Dans les communes de 3500 habitants et plus, l’article L.2121-12 du CGCT prévoit, en outre, qu’une « note explicative de synthèse sur les affaires soumises à délibération doit être adressée avec la convocation aux membres du conseil municipal. Si la délibération concerne un contrat de service public, le projet de contrat ou de marché accompagné de l’ensemble des pièces peut, à sa demande, être consulté à la mairie par tout conseiller municipal dans les conditions fixées par le règlement intérieur ».
Dans une décision en date du 13 octobre 2023 (CE, 13 octobre 2023, Collectif aletois gestion publique de l’eau actions sur le Limousin et le Saint-Hilairois, n°464955), le Conseil d’Etat a précisé que « l’information adéquate de l’ensemble des membres d’une assemblée délibérante, afin qu’ils puissent exercer utilement leur mandat, constitue, en principe, une garantie pour les intéressés au sens de la jurisprudence Danthony ». Depuis sa décision Danthony en date du 23 décembre 2011, la Haute juridiction administrative estime « qu’un vice de procédure n’entraîne l’illégalité de la décision prise à l’issue de cette dernière que s’il ressort des pièces du dossier qu’il a été susceptible d’exercer, en l’espèce, une influence sur le sens de la décision prise ou qu’il a privé les intéressés d’une garantie » (CE, Assemblée, 23 décembre 2011, Danthony, n°335033).
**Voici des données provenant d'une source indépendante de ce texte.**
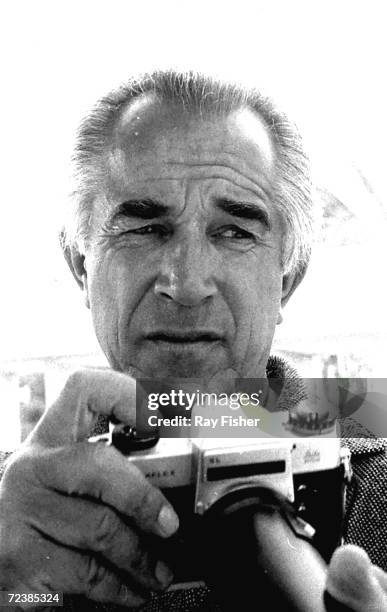 Photographer David Douglas Duncan holding camera.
Ainsi, le défaut ou l’insuffisance d’information des élus sur les affaires inscrites à l’ordre du jour du conseil municipal entraine, en principe, l’illégalité des délibérations correspondantes (une appréciation au cas par cas demeurant nécessaire). Dans le cadre de cet arrêt du 13 octobre 2023, il a été jugé en particulier par le Conseil d’Etat que, en l’espèce, « tout conseiller municipal doit être mis à même, par une information appropriée, quinze jours au moins avant la délibération, de consulter le projet de contrat accompagné de l’ensemble des pièces, notamment les rapports du maire et de la commission de délégation de service public, sans pour autant que le maire ne soit tenu de notifier ces mêmes pièces à chacun des membres du conseil municipal ».
Ainsi, il convient de distinguer l’information des élus contenue dans le cadre de la note explicative de synthèse, qui doit leur parvenir dans le délai de convocation, et l’information propre aux conventions de DSP, qui doit être accessible au minimum quinze jours en amont de la séance du conseil municipal. S’agissant de cette dernière, les élus doivent être informés, dans le même délai, de la possibilité et des modalités de consultation des documents.
2) Le droit à l’information des élus fondé sur leur qualité d’administrés
Un tel droit à l’information dont les élus disposent est donc similaire à celui de tout habitant ou contribuable de la commune, même si, ce droit ne présente qu’un intérêt limité pour les conseillers municipaux puisqu’il ne concerne que des documents définitifs. L’article L.311-2 du Code des relations entre le public et l’administration (CRPA) indique, en effet, que « le droit à communication ne s’applique qu’à des documents achevés et ne doit porter atteinte ni à un secret protégé par la loi, ni au secret de la vie privée (article L.300-2 du CRPA), sauf s’il est possible d’occulter ou de disjoindre les mentions non communicables (articles L.311-6 et L.311-7 du CRPA). Il ne concerne pas les documents préparatoires à une décision administrative tant qu’elle est en cours d’élaboration ». Le fondement de ce droit repose :
En premier lieu, sur les dispositions du Code des relations entre le public et l’administration (CRPA) qui garantit la liberté d’accès aux documents administratifs.
En second lieu, sur celles de l’article L.2121-26 du CGCT qui permet à « toute personne physique [donc tout conseiller municipal] ou morale » de demander communication des procès-verbaux du conseil municipal, des budgets et des comptes de la commune et des arrêtés municipaux ». La communication de ces documents se fait dans les conditions prévues le titre 1er du livre III du CRPA.